Ciò non è ammissibile. Il lavoro intellettuale, proprio perché orientato alla massima apertura scientifica, dall’onere di “spiegare costi, vantaggi, e inconvenienti delle scelte possibili”, ha una forte valenza pubblica, oltre che costituzionale, in quanto vettore di impegno scientifico, approfondimento culturale, consapevolezza sociale, e partecipazione politica – come testimonia il ricco percorso umano, scientifico e culturale di Gianfranco Pasquino, anche per questo autentico e coerente accademico repubblicano.

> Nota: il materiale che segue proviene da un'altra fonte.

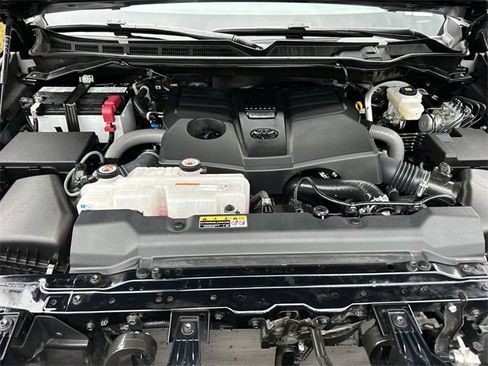 Used 2025 Toyota Tundra SR5 image 26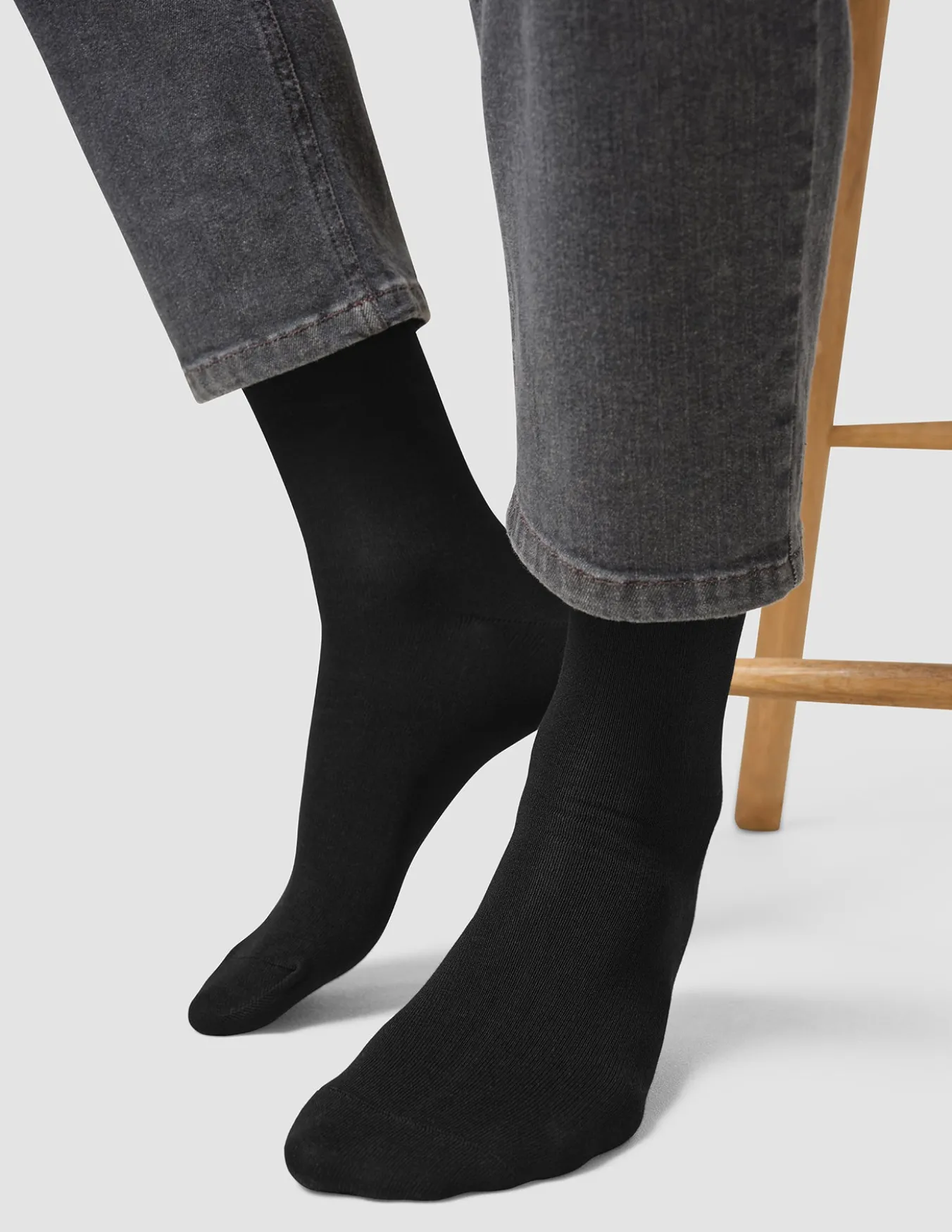 4 Pack Bamboo Viscose Socks Black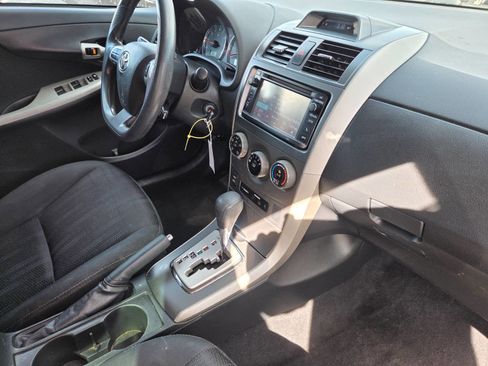 Used 2012 Toyota Corolla S image 16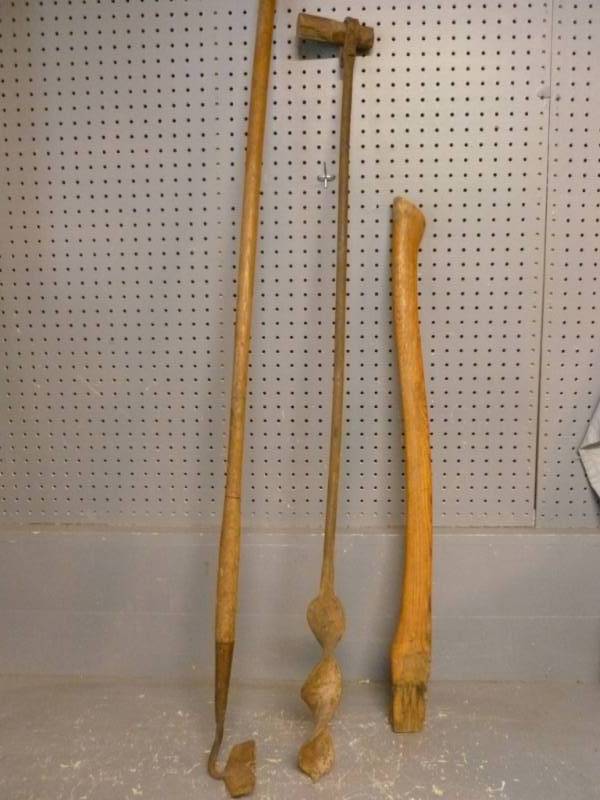 lot 33 image: Vintage Hand Tools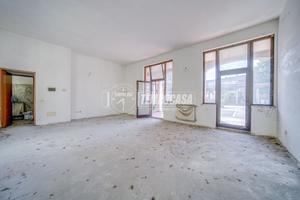 NEGOZIO LIBERO SUBITO!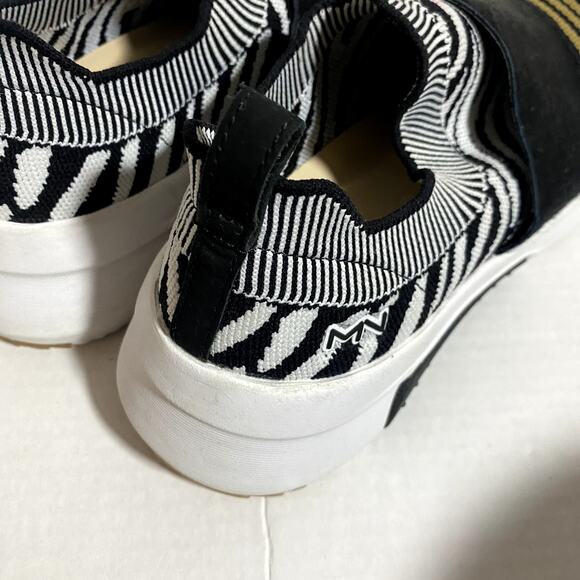 Mark Nason Modern Jogger 2.0 Women's Casual Sneaker Zebra Pattern Slip On Sz 9 - Picture 4 of 12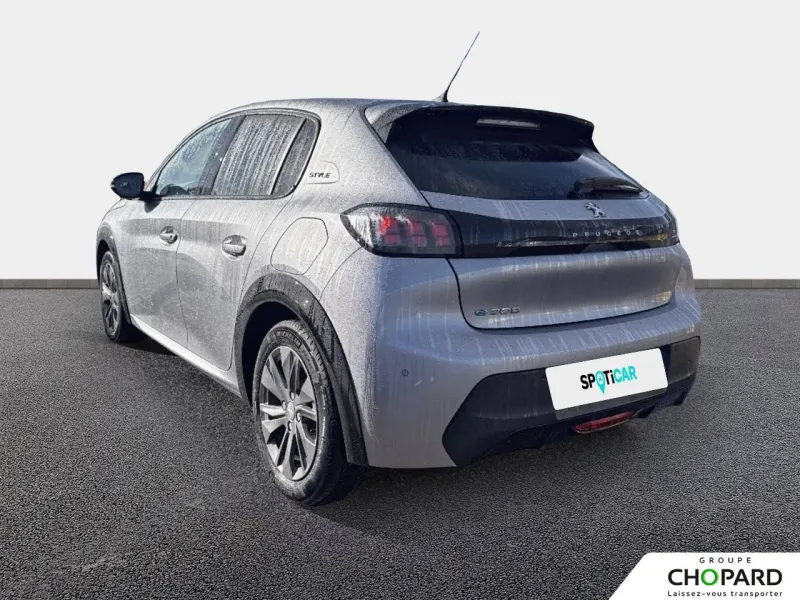 Image secondaire du véhicule 8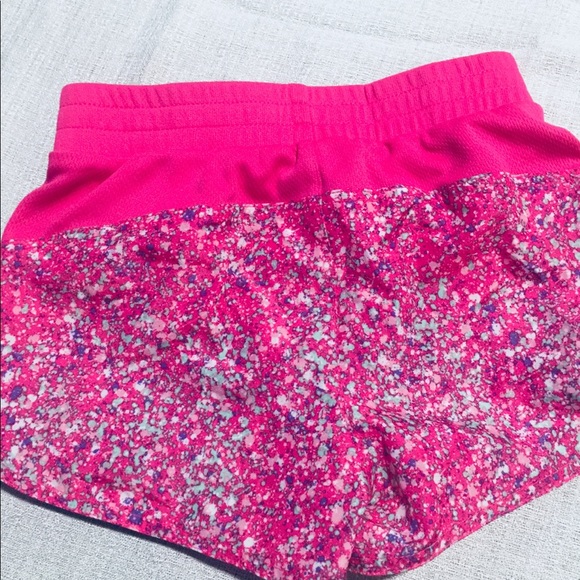 NWOT champion 🧒 short - Picture 2 of 2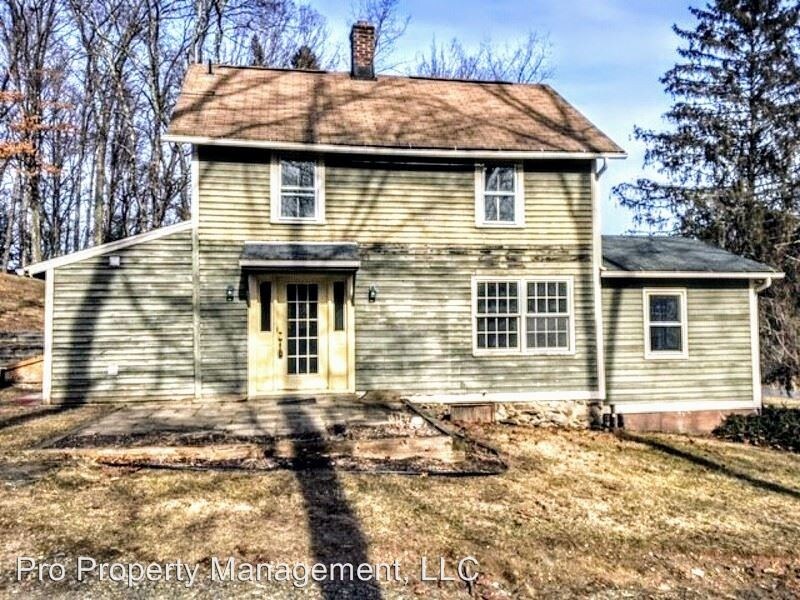 Primary Photo - 3 br, 2 bath House - 56 Old Turnpike Road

Per le stesse ragioni è però necessario non solo che i singoli intellettuali diventino maggiormente consapevoli del loro pubblico ruolo; ma anche che vengano approfonditi – all’interno del pluralismo istituzionale che informa la nostra comunità, in tutte le sue articolazioni – non solo l’impatto che i principi quali la trasparenza e la pubblicità possono avere nei loro rapporti con le altre comunità di esperti, il mondo produttivo, la politica e i cittadini, ma anche se e, eventualmente, quell’etica della responsabilità ad essi riferibile è suscettibile di orientare i nostri ordinamenti a sorreggerne il lavoro (nella sua proiezione, inevitabilmente, politica), promuovendo, innanzitutto la rimozione degli ostacoli di ordine economico e sociale, che, limitando di fatto la libertà e l’eguaglianza dei cittadini, impediscono il pieno sviluppo della persona umana e l’effettiva partecipazione di tutti i lavoratori all’organizzazione politica, economica e sociale del Paese.


[1] Gianfranco Pasquino, Il lavoro intellettuale. Cos’è, come si fa, Torino, UTET, 2023, 192 p.